3. The spread of tumor

This is the main feature of malignant tumor. Invasive growth of malignant tumors can not only grow and spread in the primary site (direct spread), but also spread to other parts of the body (metastasis) through various channels.

(1) Direct diffusion: Tumor cells infiltrate along stroma, lymphatic vessels, blood vessels or nerve bundles, destroy adjacent normal tissues and organs, and continue to grow, which is called direct diffusion. For example, advanced cervical cancer can spread to the rectum and bladder, and advanced breast cancer can pass through the pectoral muscle and chest cavity and even reach the lungs.

(2) Metastasis: Tumor cells invade lymphatic vessels, blood vessels and body cavities from the primary site, migrate to other places and continue to grow, forming the same type of tumor as the primary tumor. This process is called transfer. Benign tumors do not metastasize, only malignant tumors metastasize. Common transfer routes are as follows:

1) Lymphatic metastasis: Epithelial malignant tumors mostly metastasize through lymphatic channels;

2) Blood metastasis: all kinds of malignant tumors can occur, especially sarcoidosis, renal cancer, liver cancer, thyroid follicular cancer and choriocarcinoma;

3) Implantable metastasis: cancer common in abdominal organs.

4. Invasion and metastasis mechanism of malignant tumor.

(l) local infiltration. The emergence of subclones of tumor cells with strong infiltration ability and the formation of blood vessels in tumor play an important role in local infiltration of tumor.

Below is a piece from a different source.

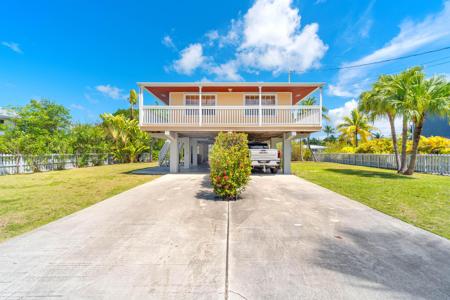 17137 W Bonita Lane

Steps of local infiltration:

1) Cell adhesion molecules mediate the decrease of tumor cell adhesion;

2) Tumor cells are closely attached to the basement membrane; 3) Degradation of extracellular matrix. After 4 ~ 8 hours of close contact between cancer cells and basement membrane, the main components of extracellular matrix, such as LN, FN, proteoglycan and collagen fiber, can be dissolved by proteolytic enzymes secreted by cancer cells, resulting in local defect of basement membrane.

4) Cancer cells pass through the dissolved basement membrane defect with amoeba movement. After the cancer cells pass through the basement membrane, the above steps are repeated to dissolve the interstitial connective tissue and move in the stroma. When it reaches the blood vessel wall, it passes through the basement membrane of the blood vessel and enters the blood vessel in the same way.

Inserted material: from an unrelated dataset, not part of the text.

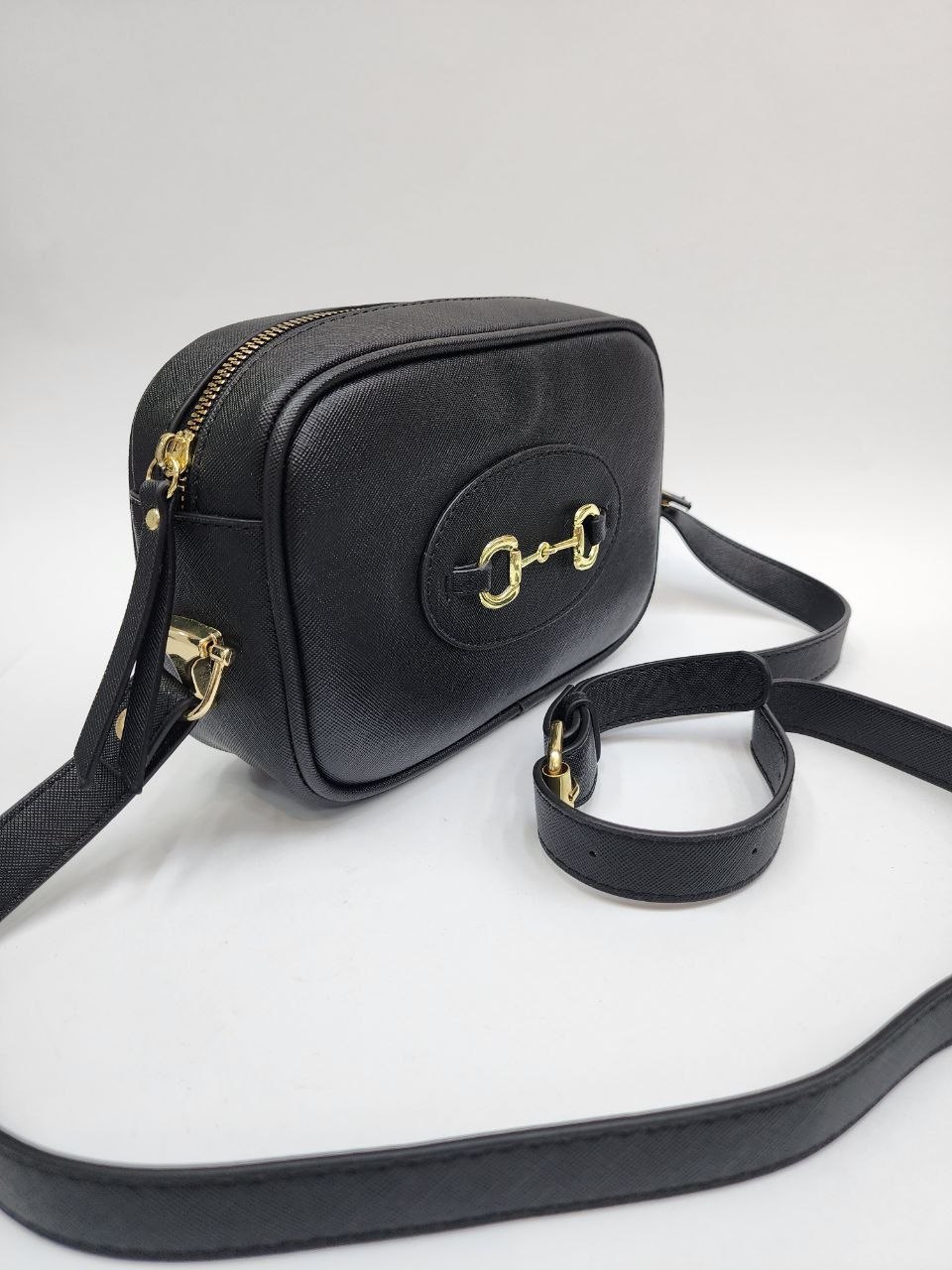 Бренд: GUCCI...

(2) blood diffusion. After a single cancer cell enters a blood vessel, it is generally destroyed by immune cells of the body, but the tumor cell mass with platelet aggregation is not easy to be destroyed, and it can pass through the vascular endothelium and basement membrane through the above-mentioned ways to form a new metastatic focus.

The occurrence of metastasis is not random, but has obvious organ tendency. The location and organ distribution of blood metastasis have special affinity in some tumors, such as lung cancer, adrenal gland and brain, thyroid cancer, renal cancer and prostate cancer, breast cancer, etc., and often metastasize to liver, lung and bone. The reason for this phenomenon is not clear, which may be that there are ligands on the vascular endothelium of these organs, which can specifically bind to adhesion molecules on the surface of cancer cells entering the blood circulation, or because these organs can release chemicals that attract cancer cells.

5. Classification and staging of tumors: generally only used for malignant tumors.

Tumor classification: Grade I differentiation is good, belonging to low-grade malignancy; Grade ⅱ is moderately differentiated and moderately malignant; Grade ⅲ differentiation is poor and the degree of malignancy is high.

Tumor staging: TNM staging system is generally used. According to the size, infiltration depth and scope of the primary tumor, and whether adjacent organs are involved, whether there is lymph node metastasis, whether there is blood-borne or other distant metastasis, the course of tumor development is determined sooner or later.